Betsy Parton | Another Mother, Her Way

I met Betsy Parton at the Soho House in Meatpacking and as soon as she walked in, she stood out from the black clad New Yorkers.  She had the expected sophistication and smarts but layered with a genuine sunniness (she graduated from USC and I'm pretty sure that's a prerequisite). After two years in non-profit work, she did a legit ladder climb from temp worker to Global brand management at Mattel, working on the classic favorites from Barbie to Polly Pocket. But my takeaway from our time together was her ease and honesty in talking about her decision to pause that incredible career trajectory to focus on family and raise her daughter, Liv Louise.   Read about how Betsy grew comfortable and confident shifting priorities from career to motherhood for this "season in her life", as she so nicely describes it.  

Q   HOW DID YOU CHANGE AFTER BECOMING A MOTHER?

Becoming a mother was the craziest experience.
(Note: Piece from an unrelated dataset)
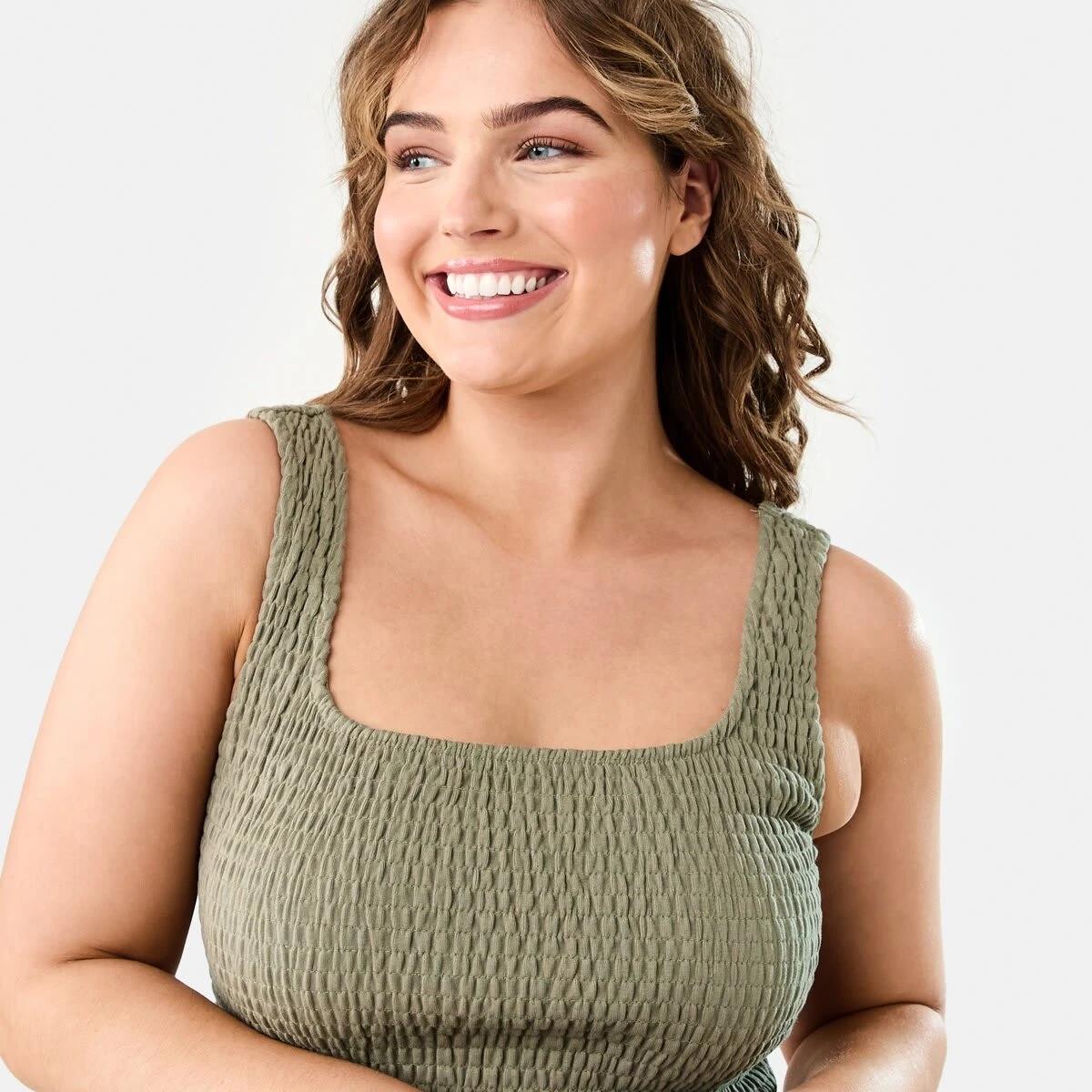 5 Sleeveless Shirred Knit Woven Midi Dress PAVEMENT GREY, 5 of 8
As much as I tried to prepare during pregnancy, there was nothing that could have prepared me for the first time my daughter was laid in my arms. Not in a cliché way, but the literal weight of her body was such a sobering feeling of responsibility and love. My husband calls it “mom strength” that came to life where I ended up not needing so many of these outside resources and at the end of the day, my gut and this “strength” was already within me!

I’ve always been good with setting boundaries but now I don’t feel as guilty as I used to saying “no, thanks” to things. Whether it’s for the sake of my daughter’s schedule, protecting family time, or time with my husband, these moments are just too precious and I don’t feel bad prioritizing them. Right now our family comes first and I like that clarity.

Q   WHAT CHOICES DID YOU MAKE TO ACCOMMODATE MOTHERHOOD?  WOULD YOU MAKE THEM AGAIN?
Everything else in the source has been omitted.